(About this task): After locating the line with "So I'm going" in the entries below, set down exactly that line and each one after it to the end, skipping pictures.

(Study material):
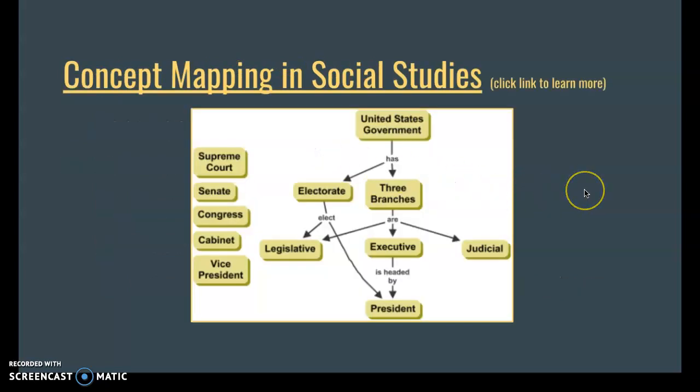Here's an example of concept mapping in social studies. Right here we can see the three branches of the U.S. government and how they are broken down. This provides a nice visual for students to grasp this concept, as opposed to just writing it out in a notebook. Here's a visualization to help them process that information.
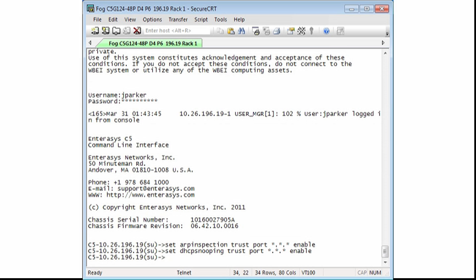Now, let's enable ARP inspection and DHCP snooping to monitor VLAN 196.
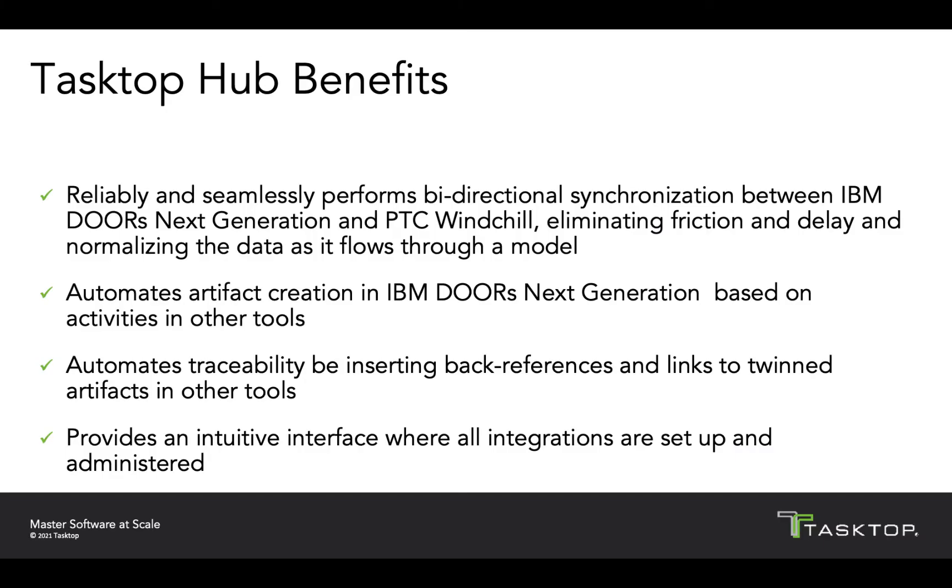In this demo, we'll see Tasktop Hub reliably and seamlessly perform bi-directional synchronization between IBM Doors Next Generation and PTC Windchill, eliminating friction and delays and normalizing the data as it flows through a model.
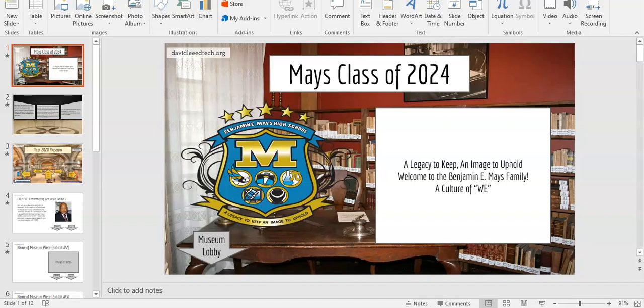Welcome, Class of 2024, to the Benjamin Elijah Mays High School, where we have a legacy to keep and an image to uphold. We will be curating a virtual museum to commemorate the year 2020.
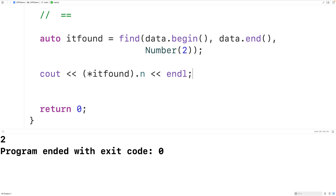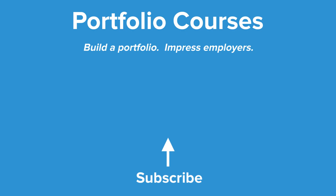So this is how we can use the find function in C++ to find the first occurrence of a value in a range. Check out portfoliocourses.com where we'll help you build a portfolio that will impress employers.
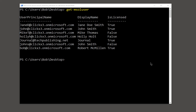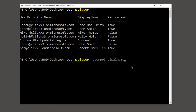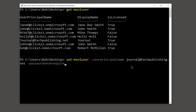So I'm going to type Set-MsolUser, and then hit the spacebar, and then type in -UserPrincipalName, and then put in journal — or in your case, whatever the name of your mailbox is — at techpublishing.net, and then we'll put in -PasswordNeverExpires and then $true.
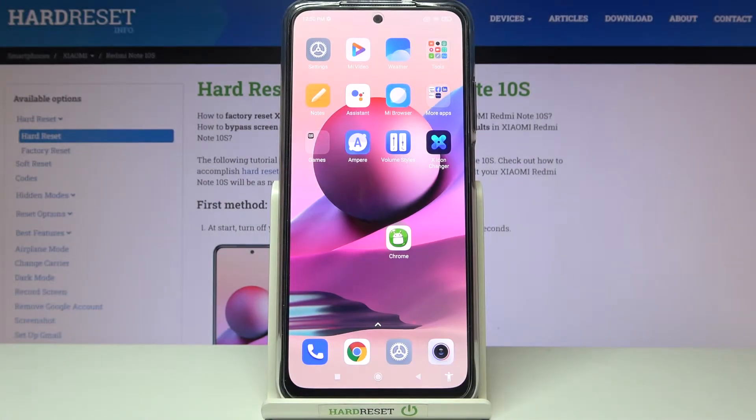Welcome, here I've got the Xiaomi Redmi Note 10s and I'm going to show you how to turn on and off the camera mirror effect on this device.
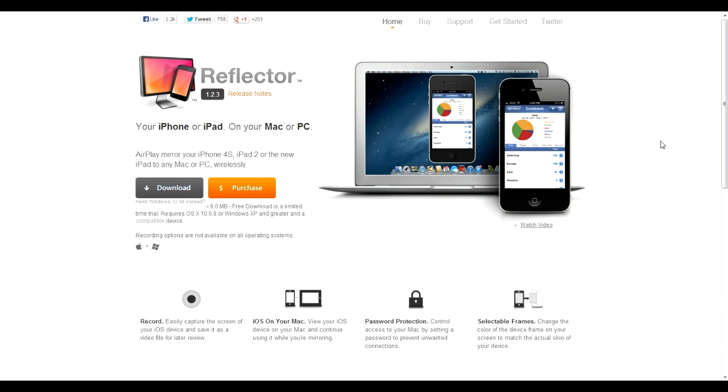Hi guys, it's the Gmape here and welcome to a quick video on how to record footage from your iPhone or iPad onto your PC.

(Written response):
So I'm going to type Set-MsolUser, and then hit the spacebar, and then type in -UserPrincipalName, and then put in journal — or in your case, whatever the name of your mailbox is — at techpublishing.net, and then we'll put in -PasswordNeverExpires and then $true.
Welcome, here I've got the Xiaomi Redmi Note 10s and I'm going to show you how to turn on and off the camera mirror effect on this device.
Hi guys, it's the Gmape here and welcome to a quick video on how to record footage from your iPhone or iPad onto your PC.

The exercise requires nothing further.